Dad was wearing big glasses. Mom had bangs. Laura wasn’t there, not yet. There was us boys though, in miniature faces and fingers, earnest and giggling and innocent. Grandpa was alive again, telling tales about summers in Ecuador. We watched in wonder until the tape stopped.
left
He left a note for his folks, a poem for his girl, a photo for his friends. He pointed his rusted hood ornament east and drove, drove until the mountains flattened into fields, until the sun burst into moon, until the needle was curled up against the “E,” fast asleep.
alright
Maybe he’d be alright. Maybe there was a happy ending yet to be written. Maybe Kate and Jack would end up together in season six. Maybe alone didn’t mean lonely. Maybe it would start raining in sheets and never let up. Maybe God would forgive him. Maybe He already had.
the dog and the ghost
They wrestled in a spotlight of moon, under a conifer, between the hills of the field. One would parry and make to retreat, the other would thrust and dash to strike. The snow broke under the feet of the one, and the air wrinkled at the breath of the other.
le rêveur
Always with the dreaming, the make-believe, the pretend-to-be. Never with the thinking, the make-it-happen, the things-as-they-are. When others saw rain, he saw showers. When others saw snow, he saw feathers. When others saw darkness, he saw the Milky Way, a sneeze of white light he met with God bless you.
the spoliation
We cleared the bookshelves of precious tomes, yanked the curtains from their rings, scattered shattered shards of statues on the floor. We tore the canvases of paintings, overturned the thick wooden tables, sent the silverware clattering into corners. There was an occupied birdcage here too, but that we left alone.
the shoes
He’d retired them after the Jenna Sessions dance party, where he’d famously gone from his toprock to swipes and a boomerang float while “Ice Ice Baby” pumped in the dark. He remembered watching his laces dance under the lights.

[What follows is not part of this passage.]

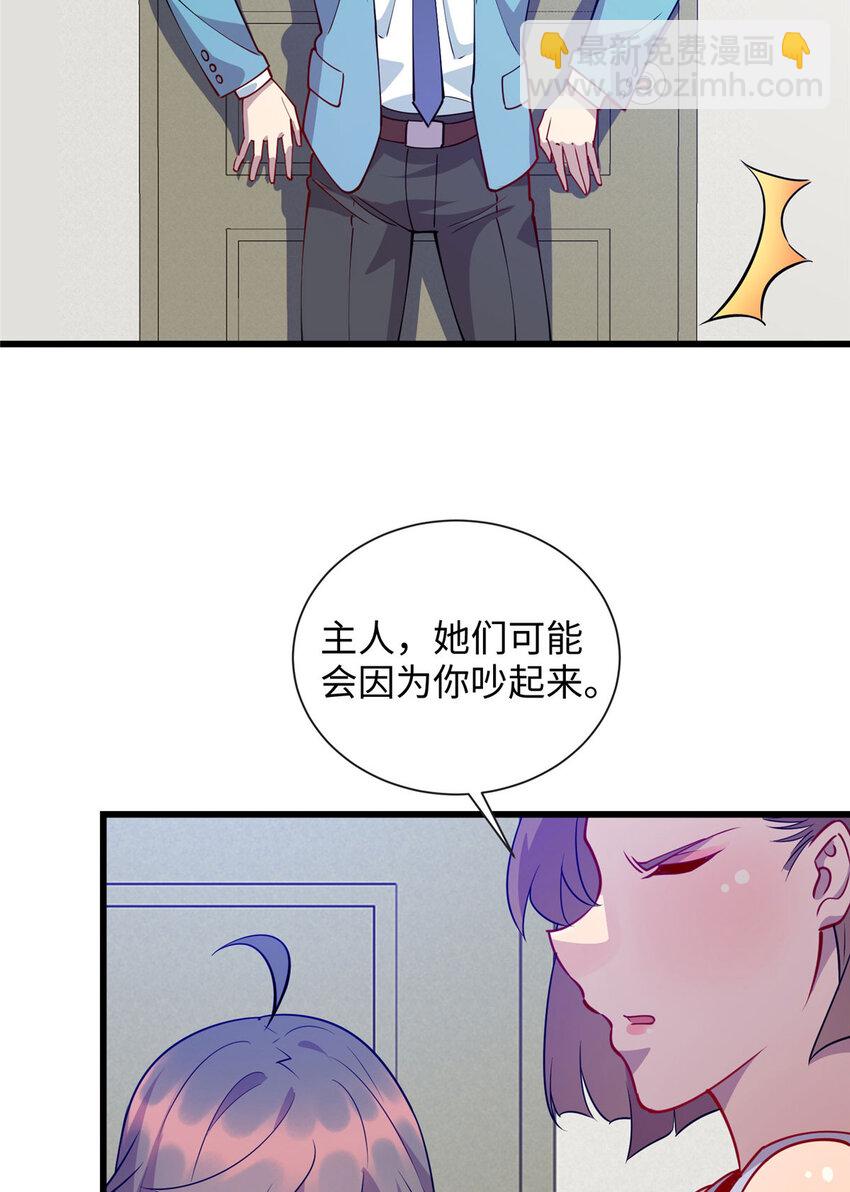 91 希望你不会忘记我16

He didn’t feel like he could wear them again after that.
the movies
Here was the stuff of dreams: front and center in an empty theater, a hot grilled cheese sandwich cozied up to kettle-cooked potato chips, the tray anchored in the armrest by a Styrofoam cup of foamy root beer. Presently, the screen illuminated, and the lines thereupon were lovely to behold.
the lonely
I would like to say: thanks for the lonely. Thanks for the ridiculous parties, where I don’t say anything to anyone. Thanks for the nights jogging through what seems to me a ghost town. Thanks for the long car drives under skies of black, the only one on the road.
receipts
After the breakup, he’d found a box of receipts, kept for reasons he couldn’t remember, crinkled records of daisies, novels, magazines, rolls of film, chocolates, movie tickets, Italian restaurants, plane flights, jewelry, a guitar, tickets to Coldplay, Blind Pilot, Andrew Bird, and the ring. He’d have to get a refund.
she said
I love you, she said, in the snow, under the moonlight, outside her father-in-law’s house. I love you, she said, on a jittery camera, with the wind blowing outside, from Europe. I love you, she said, in the dark, over the phone, in the early morning hours. I love you.
the café west
Next to Labor and Delivery is the hospital café. Under white lights, a red-eyed new father eats a beef chimichanga, a family with small children whispers nervously over too-hot chicken fingers, a woman with bad news picks at a green salad. The patients keep coming, and the cooks keep cooking.